# Batch, For-Schleife initialsieren



## rkrause (1. Februar 2008)

set winrar_log_unbekanntes_format=1
For /F "delims=" %%k in ('findstr "Das Archiv hat entweder ein unbekanntes Format oder ist" "%quell_verzeichnis%%winrar_log%"') Do @Set winrar_log_unbekanntes_format=%%k

Folgendes Problem tritt auf:
Ich benutze mehrere For-Schleifen und habe festgestellt, das manchmal Rester aus anderen For-Schleifen auftauchen (und dadurch die Abbruchbedingung falsch ist), da ich aus der For-Schleife vorher rausgesprungen bin und ich dann später einfach eine neue Aufrufe.

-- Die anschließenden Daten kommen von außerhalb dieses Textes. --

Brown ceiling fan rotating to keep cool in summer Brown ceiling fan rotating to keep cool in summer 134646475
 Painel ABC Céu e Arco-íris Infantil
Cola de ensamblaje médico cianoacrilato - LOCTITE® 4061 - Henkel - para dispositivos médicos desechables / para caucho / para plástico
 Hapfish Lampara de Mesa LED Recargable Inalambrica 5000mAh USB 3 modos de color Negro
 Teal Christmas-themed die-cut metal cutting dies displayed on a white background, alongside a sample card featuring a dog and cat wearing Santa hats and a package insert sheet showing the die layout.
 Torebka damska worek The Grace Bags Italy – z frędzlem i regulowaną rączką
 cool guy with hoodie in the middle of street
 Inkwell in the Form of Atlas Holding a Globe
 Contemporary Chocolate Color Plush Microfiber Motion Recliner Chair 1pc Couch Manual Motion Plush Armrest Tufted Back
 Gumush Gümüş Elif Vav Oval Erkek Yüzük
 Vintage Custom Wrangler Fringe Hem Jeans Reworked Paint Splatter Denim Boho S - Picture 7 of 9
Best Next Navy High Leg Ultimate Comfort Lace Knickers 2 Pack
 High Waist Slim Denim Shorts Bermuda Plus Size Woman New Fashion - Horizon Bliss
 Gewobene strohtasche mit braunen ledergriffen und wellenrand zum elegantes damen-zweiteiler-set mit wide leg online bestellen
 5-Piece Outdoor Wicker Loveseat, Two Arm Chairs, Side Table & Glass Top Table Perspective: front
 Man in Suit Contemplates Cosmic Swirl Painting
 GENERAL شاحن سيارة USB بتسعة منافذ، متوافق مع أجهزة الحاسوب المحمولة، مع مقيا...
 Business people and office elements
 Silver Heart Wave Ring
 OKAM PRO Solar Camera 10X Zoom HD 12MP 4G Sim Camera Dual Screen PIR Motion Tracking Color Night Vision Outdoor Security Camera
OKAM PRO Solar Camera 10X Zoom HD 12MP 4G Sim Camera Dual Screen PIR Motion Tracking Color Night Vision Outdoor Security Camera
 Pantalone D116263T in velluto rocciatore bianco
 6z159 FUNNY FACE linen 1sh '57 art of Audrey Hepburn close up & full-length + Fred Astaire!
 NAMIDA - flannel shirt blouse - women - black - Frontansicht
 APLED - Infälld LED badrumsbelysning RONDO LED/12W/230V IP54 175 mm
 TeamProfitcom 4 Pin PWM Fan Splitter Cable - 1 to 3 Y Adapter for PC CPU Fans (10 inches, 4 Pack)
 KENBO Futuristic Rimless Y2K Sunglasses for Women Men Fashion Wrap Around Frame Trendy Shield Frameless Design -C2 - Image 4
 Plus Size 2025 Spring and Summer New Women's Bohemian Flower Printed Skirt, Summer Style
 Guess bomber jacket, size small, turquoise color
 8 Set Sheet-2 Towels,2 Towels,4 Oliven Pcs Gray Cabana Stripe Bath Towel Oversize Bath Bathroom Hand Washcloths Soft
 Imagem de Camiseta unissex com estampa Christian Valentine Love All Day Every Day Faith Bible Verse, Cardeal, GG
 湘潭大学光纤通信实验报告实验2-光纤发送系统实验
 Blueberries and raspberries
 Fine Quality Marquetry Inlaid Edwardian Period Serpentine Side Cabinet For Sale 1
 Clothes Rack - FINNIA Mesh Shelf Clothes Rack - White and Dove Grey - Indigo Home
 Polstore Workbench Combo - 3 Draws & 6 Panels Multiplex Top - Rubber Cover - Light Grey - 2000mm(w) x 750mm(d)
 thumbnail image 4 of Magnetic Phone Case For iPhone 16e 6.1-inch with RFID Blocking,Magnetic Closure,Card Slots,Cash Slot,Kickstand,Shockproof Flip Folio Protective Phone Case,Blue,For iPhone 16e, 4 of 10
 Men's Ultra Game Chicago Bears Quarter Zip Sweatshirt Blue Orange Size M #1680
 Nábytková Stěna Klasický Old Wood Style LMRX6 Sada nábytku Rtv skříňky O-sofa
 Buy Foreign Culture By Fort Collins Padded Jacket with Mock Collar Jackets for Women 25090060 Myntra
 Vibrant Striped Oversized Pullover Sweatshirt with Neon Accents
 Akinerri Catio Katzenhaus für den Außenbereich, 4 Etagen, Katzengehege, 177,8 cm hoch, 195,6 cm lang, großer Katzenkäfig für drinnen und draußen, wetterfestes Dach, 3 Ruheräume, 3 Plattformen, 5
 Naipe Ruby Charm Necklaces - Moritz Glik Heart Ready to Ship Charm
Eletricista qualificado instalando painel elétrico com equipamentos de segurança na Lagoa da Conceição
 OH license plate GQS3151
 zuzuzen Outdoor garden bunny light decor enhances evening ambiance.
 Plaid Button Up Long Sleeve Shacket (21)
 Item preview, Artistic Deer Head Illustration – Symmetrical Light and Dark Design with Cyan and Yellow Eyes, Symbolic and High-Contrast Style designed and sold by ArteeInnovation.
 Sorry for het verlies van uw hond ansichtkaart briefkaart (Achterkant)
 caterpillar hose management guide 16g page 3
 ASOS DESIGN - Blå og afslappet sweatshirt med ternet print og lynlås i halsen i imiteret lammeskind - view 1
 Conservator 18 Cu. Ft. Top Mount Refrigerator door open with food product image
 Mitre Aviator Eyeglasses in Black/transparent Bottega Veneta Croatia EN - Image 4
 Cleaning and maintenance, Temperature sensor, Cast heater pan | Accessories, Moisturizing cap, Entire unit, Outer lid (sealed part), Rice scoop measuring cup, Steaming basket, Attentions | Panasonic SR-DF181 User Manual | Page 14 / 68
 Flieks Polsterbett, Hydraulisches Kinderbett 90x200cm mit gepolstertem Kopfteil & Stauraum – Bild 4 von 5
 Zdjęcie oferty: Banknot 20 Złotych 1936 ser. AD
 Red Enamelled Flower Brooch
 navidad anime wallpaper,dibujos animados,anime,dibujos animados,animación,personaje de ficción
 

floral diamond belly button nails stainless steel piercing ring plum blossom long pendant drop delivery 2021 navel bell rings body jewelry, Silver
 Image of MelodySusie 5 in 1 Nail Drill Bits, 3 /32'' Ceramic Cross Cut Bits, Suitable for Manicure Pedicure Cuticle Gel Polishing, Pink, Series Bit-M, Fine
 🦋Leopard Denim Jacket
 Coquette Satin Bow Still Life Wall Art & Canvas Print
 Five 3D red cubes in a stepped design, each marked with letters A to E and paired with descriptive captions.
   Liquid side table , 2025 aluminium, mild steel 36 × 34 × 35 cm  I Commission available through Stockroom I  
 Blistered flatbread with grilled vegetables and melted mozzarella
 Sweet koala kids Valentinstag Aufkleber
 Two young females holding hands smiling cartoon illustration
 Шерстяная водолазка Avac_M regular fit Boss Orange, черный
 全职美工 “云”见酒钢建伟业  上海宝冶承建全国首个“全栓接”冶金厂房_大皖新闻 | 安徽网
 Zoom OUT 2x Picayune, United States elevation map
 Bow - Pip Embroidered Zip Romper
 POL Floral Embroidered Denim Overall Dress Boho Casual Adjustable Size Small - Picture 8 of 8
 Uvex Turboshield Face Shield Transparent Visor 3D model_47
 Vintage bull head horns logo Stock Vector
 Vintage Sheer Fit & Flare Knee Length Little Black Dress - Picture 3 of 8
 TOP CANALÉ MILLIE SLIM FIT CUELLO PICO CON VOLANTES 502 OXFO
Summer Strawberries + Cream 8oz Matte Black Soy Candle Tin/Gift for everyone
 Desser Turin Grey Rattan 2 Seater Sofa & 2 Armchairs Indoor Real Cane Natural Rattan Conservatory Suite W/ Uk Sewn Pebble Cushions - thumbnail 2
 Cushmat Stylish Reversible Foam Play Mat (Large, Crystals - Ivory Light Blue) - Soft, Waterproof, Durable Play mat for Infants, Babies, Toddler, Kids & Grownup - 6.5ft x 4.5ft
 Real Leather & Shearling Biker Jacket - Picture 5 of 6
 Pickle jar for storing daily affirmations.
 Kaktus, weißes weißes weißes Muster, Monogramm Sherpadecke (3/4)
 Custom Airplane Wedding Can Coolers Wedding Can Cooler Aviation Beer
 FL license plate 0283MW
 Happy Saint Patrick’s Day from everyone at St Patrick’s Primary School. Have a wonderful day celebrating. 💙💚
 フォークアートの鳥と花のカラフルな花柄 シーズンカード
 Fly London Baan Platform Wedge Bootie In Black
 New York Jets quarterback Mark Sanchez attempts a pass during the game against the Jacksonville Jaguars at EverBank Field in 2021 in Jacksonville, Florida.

Gibt es eine Möglichkeit, das ich die neue FOR-Schleife neu initialisiere ohne das irgendwelche "Rester" wieder bringt.

Kleines Bsp (sehr einfach)
- 1. Text-Datei hat zwei Zeilen mit "a" und "b"
- 1. For-schleife soll "a" suchen und wenn es gefunden wurde was neues machen

Soweit ja ok
- 2. Text-Datei hat auch zwei Zeilen mit "c" und "d"
- 2. For-Schleife schaut, ob es "e" gibt, da das ja nicht in der Datei ist, sollte die %%k-Variable ja leer sein. IST SIE ABER NICHT und es steht als Ergebniss einfach "b" da.

Bis jetzt habe ich immer irgendwelche Hilfsfunktion geschrieben, gibt es aber auch die Möglichkeit, die FOR-Schleife so zu initialisieren OHNE das die alten Rester wieder auftauchen.

Ich Denke mal, das Problem ist, das die FOR-Schleifen vorher beendet werden!!


----------



## olqs (2. Februar 2008)

Vielleicht hilft die das weiter
http://www.microsoft.com/technet/prodtechnol/Windows2000serv/support/FAQW2KCP.mspx
und dann unten auf "What is delayed environment variable expansion?" klicken.

Es steht dazu auch etwas unter "help set"


----------